Consider two exact sequences of chain complexes (of abelian groups)
with morphisms of chain complexes $f, g, h$ between them:$\require{AMScd}$
$$
\begin{CD}
0 @>>> A_\bullet @>\alpha>> B_\bullet @>\beta>> C_\bullet @>>> 0\\
& @VfVV @VgVV @VhVV \\
0 @>>> X_\bullet @>\xi>> Y_\bullet @>\nu>> Z_\bullet @>>> 0
\label{d1} \tag{1}
\end{CD}
$$
If both squares in the diagram are commutative, the naturality of the zig-zag lemma gives us a morphism between the two long exact sequences, i. e. the diagram
$$
\begin{CD}
@>>> H_n(A_\bullet) @>>> H_n(B_\bullet) @>>> H_n(C_\bullet) @>\delta>> H_{n-1}(A_\bullet) @>>> \\
&@Vf_*VV @Vg_*VV @Vh_*VV @Vf_*VV \\
@>>> H_n(X_\bullet) @>>> H_n(Y_\bullet) @>>> H_n(Z_\bullet) @>\delta>> H_{n-1}(X_\bullet) @>>>
\end{CD}
$$
is commutative. Actually, the only nontrivial part of this is the commutativity of the the right square with the connecting morphisms $\delta$.
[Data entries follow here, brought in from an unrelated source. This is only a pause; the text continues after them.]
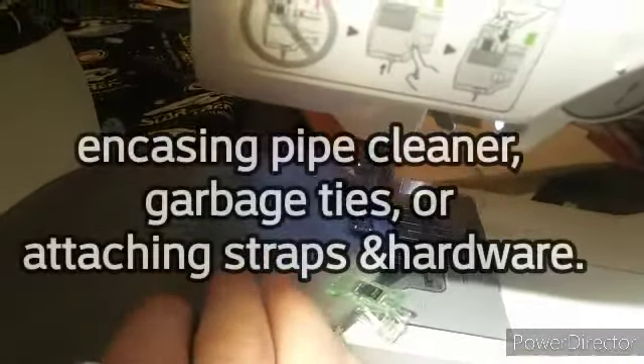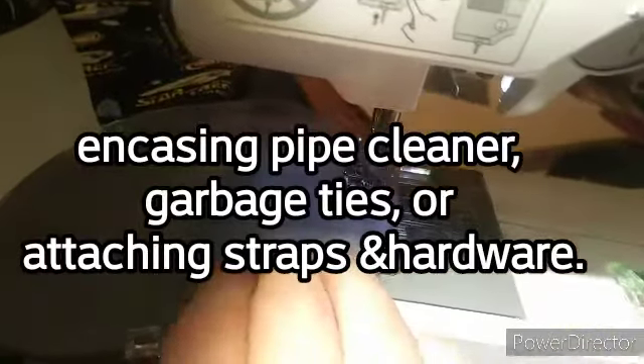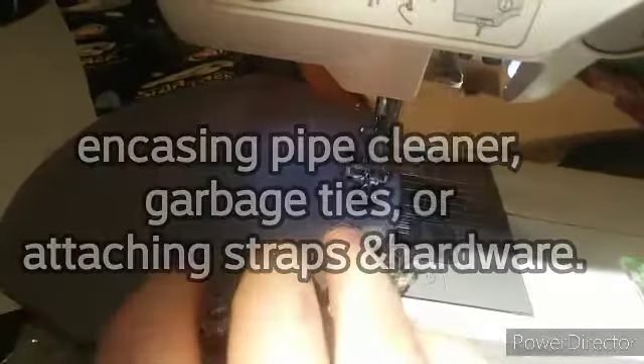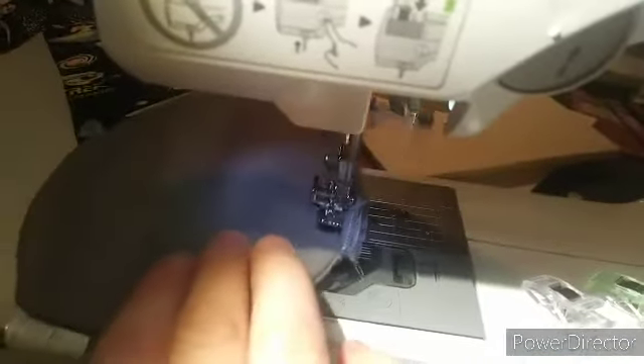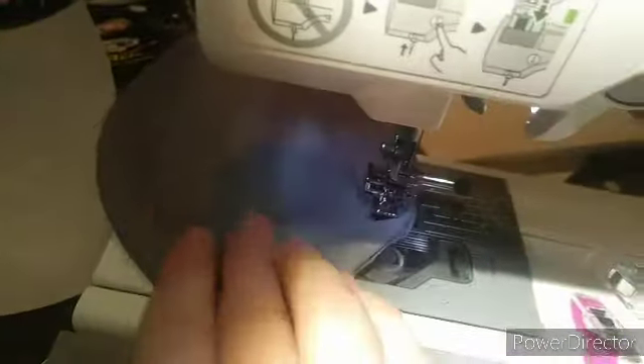Just a quick tip on encasing an item in fabric near the edge to keep the regular foot from binding on the bulky item and twisting. To help get the needle closer, just strap on your zipper foot. This is a trick I learned in bag making and it's also great for attaching the strap hardware for a purse.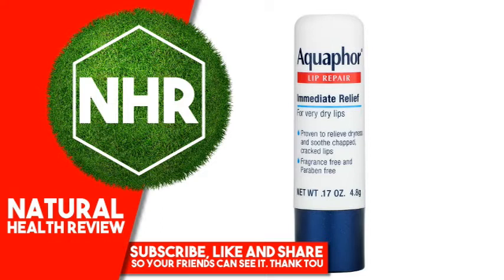It provides effective, long-lasting moisture, so lips look and feel healthier. Formulated with a special combination of nourishing vitamins C, E, Pro-Vitamin B5, moisturizers, shea butter, and jojoba oil.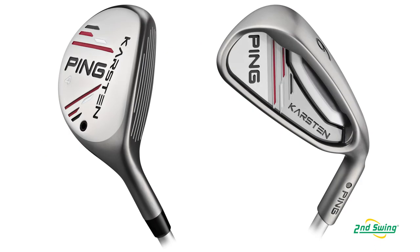The hybrids are offered in a 3, 4, and 5, and then the irons are offered in 5 through Sand Wedge.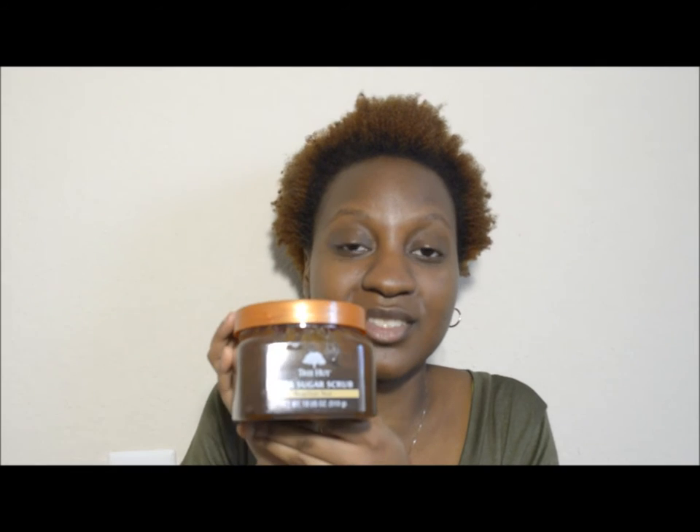This is the Tree Hut Shea Sugar Scrub, and I decided to pick it up in the scent of Brazilian nut. This does come in several different scents — like coconut lime and I think a peach mango scent, I'm not even sure — but I know this product comes in several different scents.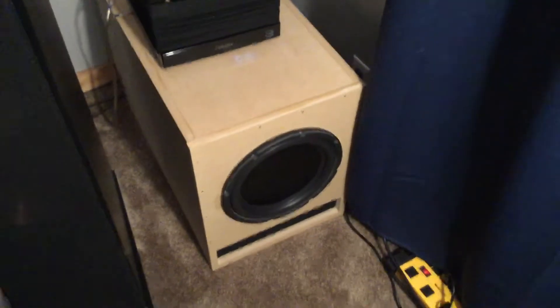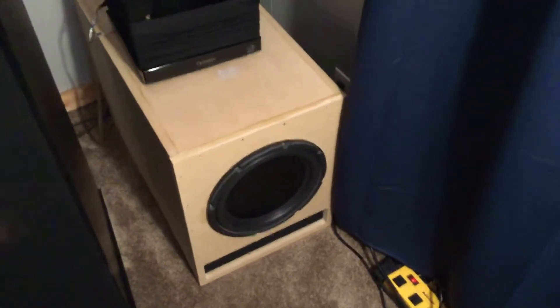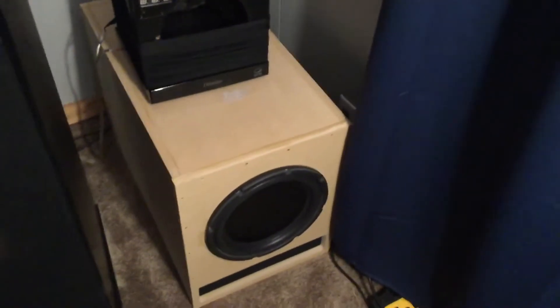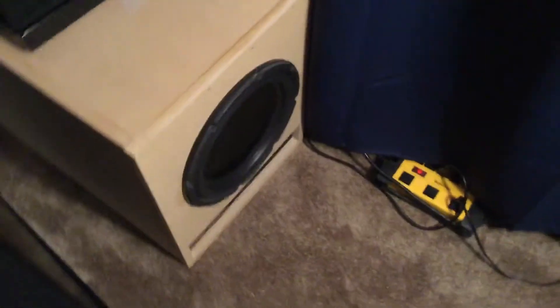Now, if you were watching my other video, I told you I was going to be using the Velodyne subwoofer. Well, I was an idiot and may have blown the amp on the Velodyne, so I'm using the Definitive Technology Super Cube 4000. I'm not 100% sure the Velodyne is blown — I'll be doing some checking on it. I know I blew the fuse, and I changed it out, but I'm trying to get the right fuse. The original fuse was 8 amps at 250 volts, and the replacement I used was 8 amps at 125 volts, and it just keeps blowing.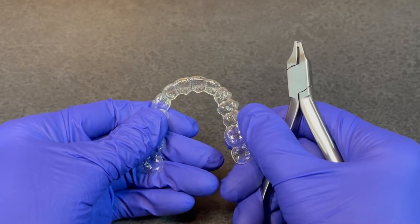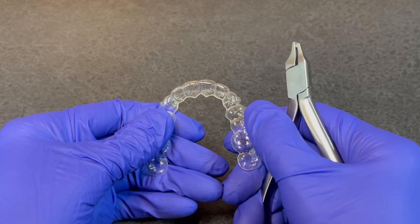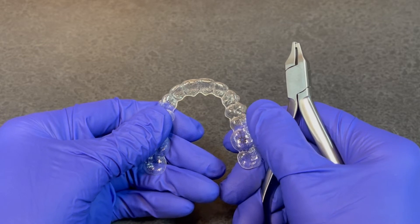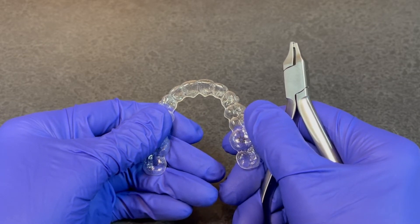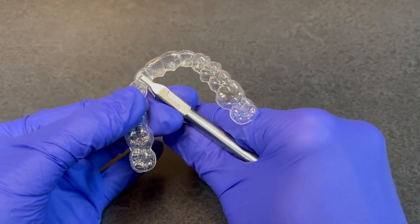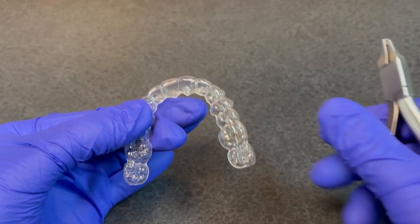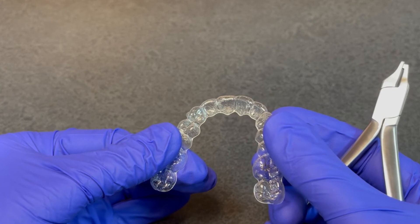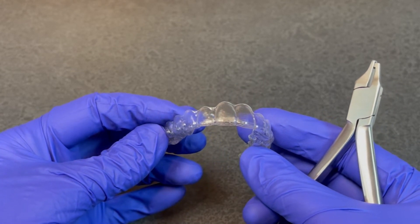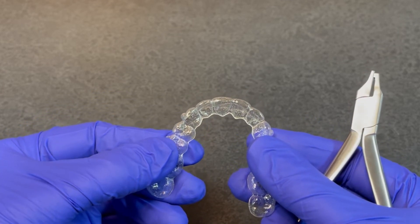Since our intent is to produce a rotational couple for that maxillary right lateral incisor, we're going to use the same instrument — the clockwise wedge — and place an indent at the distal line angle near the embrasure of the lateral incisor. Only gentle pressure is required. We now have one indent on the mesial of the lateral on the facial and one indent on the lingual to complete the rotational couple force.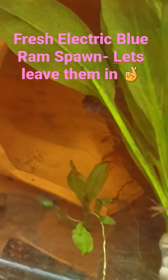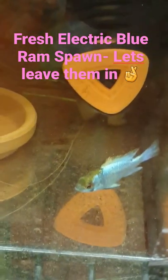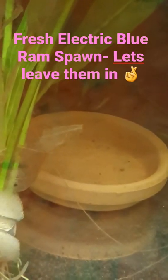I'm letting the male do his job — whether they work or not, it'll build his skills as a parent, and hopefully he'll be able to raise them to a certain size. The female is still keeping guard as well, and she's in really nice color.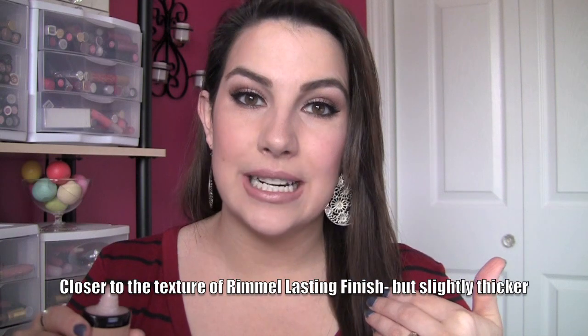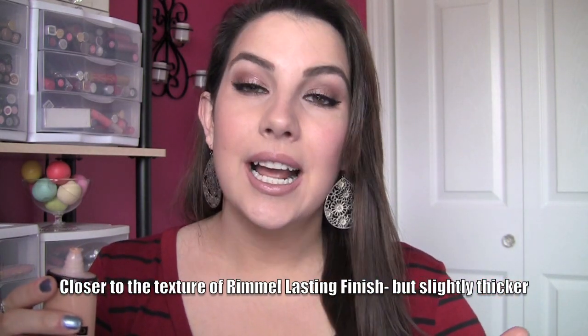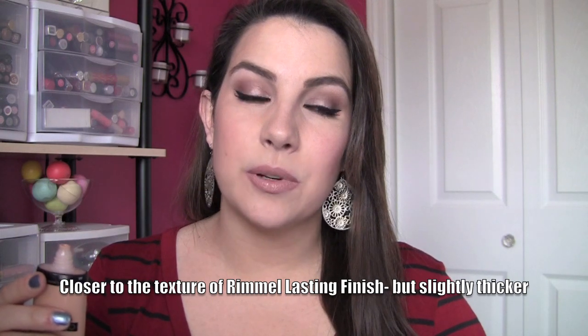This is being labeled a cream foundation and I think that's pretty accurate. It's a little bit thicker than a lot of the liquid foundations that are out there now, like Revlon Colorstay, Revlon Nearly Naked, L'Oreal Lumi, L'Oreal True Match — just some of those different kinds that are very liquidy. This has a little bit thicker texture.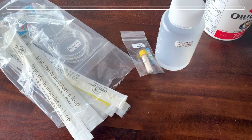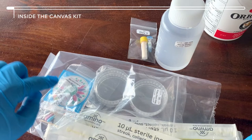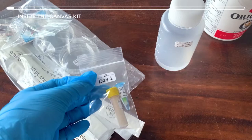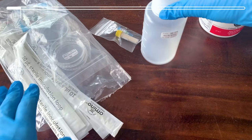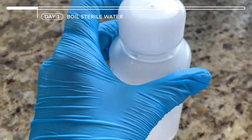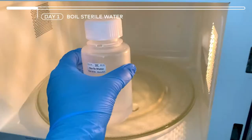First, let's see what we have in the Canvas Kit. So we have the petri dishes, we have the paint, the canvases, we have the loops, the day one package that we are going to use today right now, and we have our sterile water. Also we have an activation bag that I put in the yogurt container so it's easy for us to use it.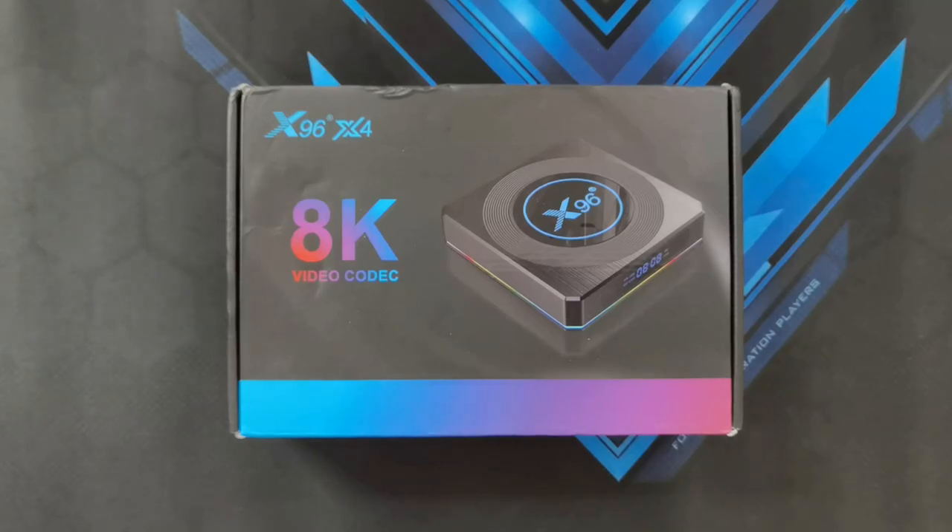Hey guys! Welcome back to another video. This is Eric from eCAP Tech. The good people at Banggood have sent me another awesome product to review and this is the X96X4 Android TV Box. And here it is on my table waiting to be unboxed just for you guys. So what are we waiting for? Let's get this unboxing going.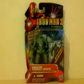Hey Youtubers, this is Ashin Huck here in my review of the Iron Man 2 movie series, the Assault Drone. As you can see, here he is in his packaging.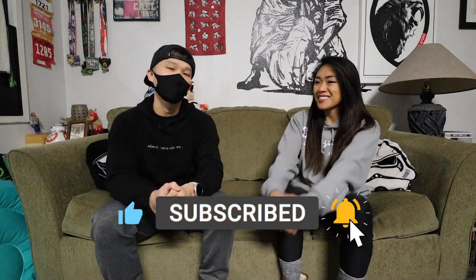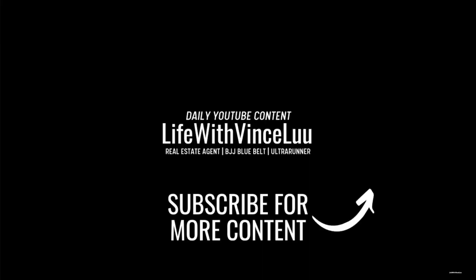I appreciate everyone watching. Thanks for tuning in. See you all later. Bye.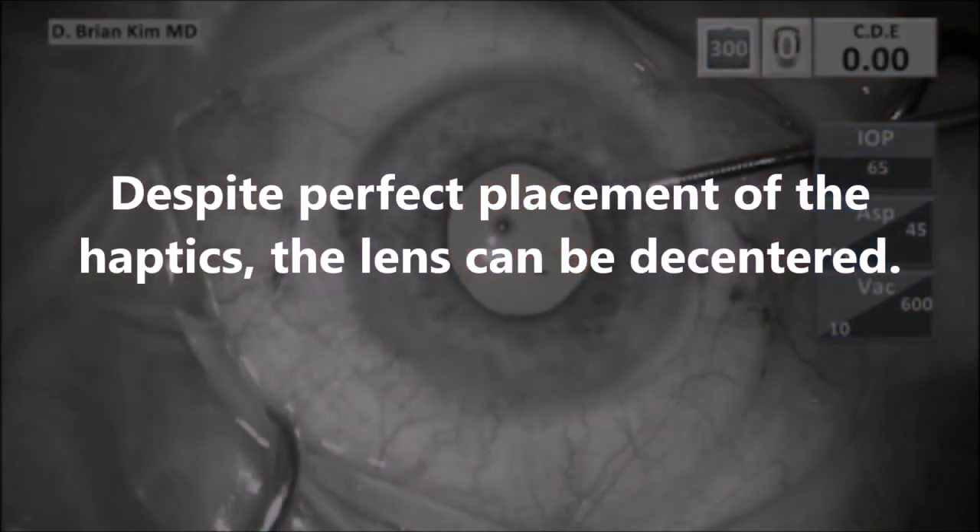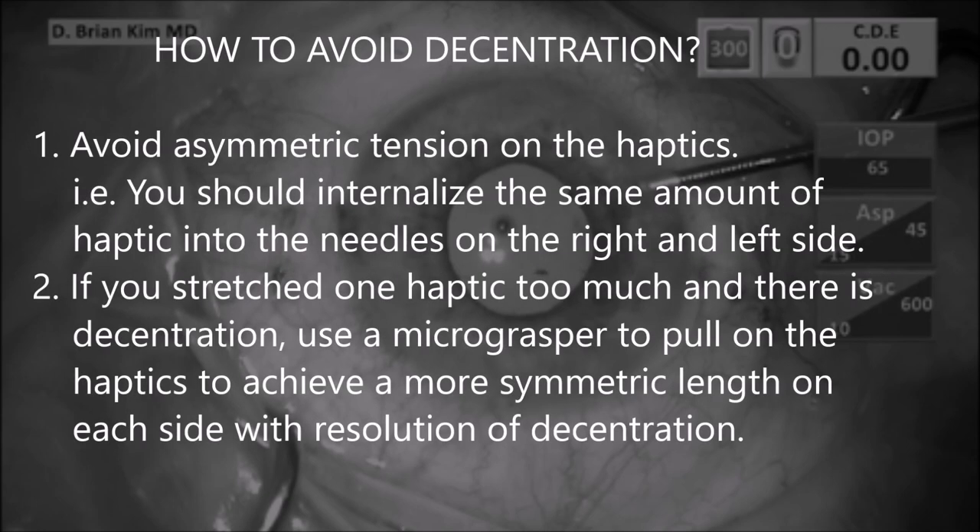So despite following perfect technique and perfect placement of the haptics, the lens can still be decentered. To avoid decentration in this situation, avoid asymmetric tension on the haptics. In other words, you should internalize the same amount of haptic into each of the needles on the right and the left side. In my case, I put too much internalization of the haptics on the right needle and not enough on the left, and that caused asymmetric tension.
Question: What happens if the squares in diagram (\ref{d1}) are only commutative up to homotopy? My intuition told me that the zig-zag lemma should still be true, but I can't manage to prove it and I am actually starting to doubt whether this could really work. Again, the only nontrivial part is the commutativity of the squares with the $\delta$s.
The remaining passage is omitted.